Utilities can be assigned to EQ-5D-3L health states by using a value set. These value sets or tariffs are constructed by eliciting preferences from the general population for the health states using a valuation method such as the Time Trade-Off (TTO) [12]. The EuroQol Group’s current protocol for the valuation of health states, the EQ-VT, uses composite Time Trade-Off (cTTO) and discrete choice experiments (DCE) to determine utility values for EQ-5D health states [13]. Although the EQ-5D-3L descriptive system has been translated into Arabic and validated during a previous study[14], its use in economic evaluation remains limited due to the absence of a value set in Tunisia and other Arabic-speaking countries.
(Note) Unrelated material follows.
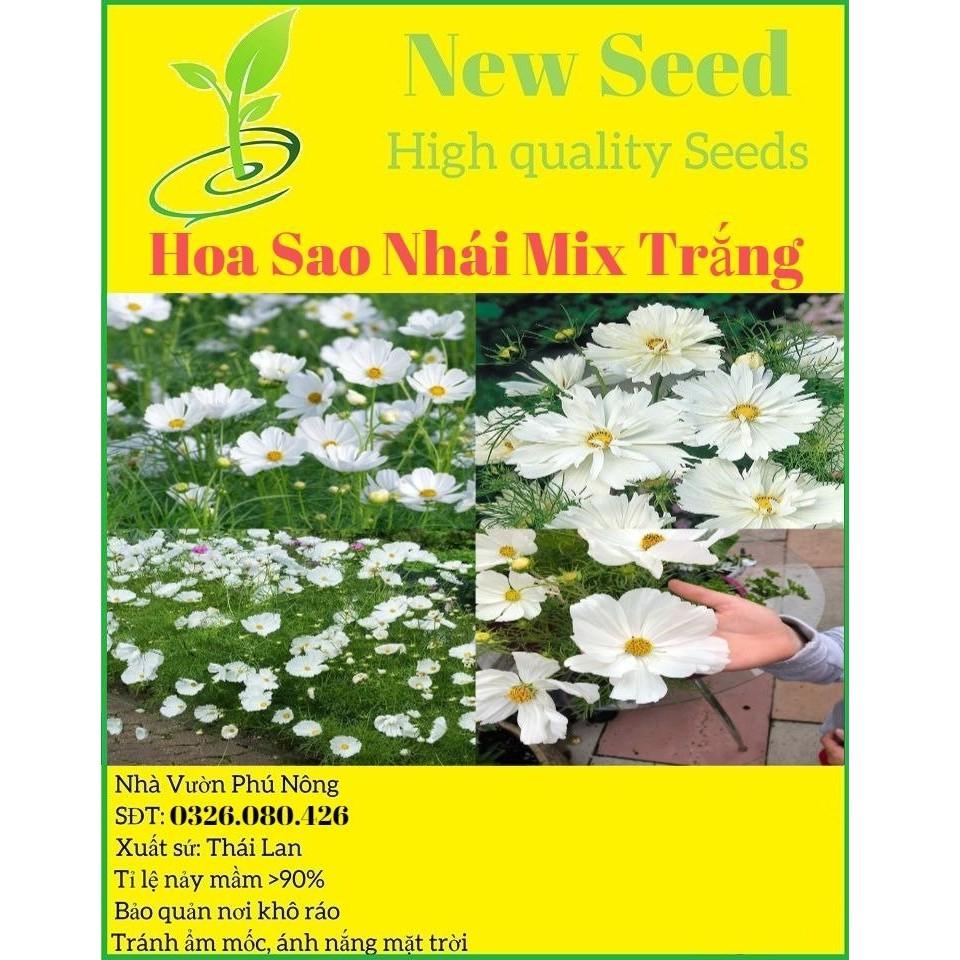 Hạt Giống Hoa Sao Nhái Mix Trắng Hoa Nở Siêu Đẹp &amp; Dễ Trồng có Tặng kèm hướng dẫn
Acknowledging the logistical complexity of 5-Level valuation studies, we aimed to develop a value set for EQ-5D-3L based on the preferences of the Tunisian population as a first step towards patient-centered research.

Methods

The study and the data collection were conducted in compliance with the EuroQol Group’s valuation protocol, EQ-VT [13]. Minor changes were made to the study design, as the protocol was originally designed for the EQ-5D-5L, and also in order to accommodate the local research teams’ constrained resources. As in previous EQ-5D valuation studies using the EQ-VT protocol, two preference elicitation techniques were used: cTTO and DCE. The questionnaire was administered via computer-assisted personal interviews using the EuroQol portable valuation technology v1.7 (EQ-PVT), power point-based software similar to the EQ-VT v 2.1 software [13]. Cyclic data quality control (QC) was performed to ensure interviewers’ compliance to the protocol [15]. The methods and analyses in this paper comply with the CREATE guidelines for reporting valuation studies of multiattribute utility‐based instruments [16].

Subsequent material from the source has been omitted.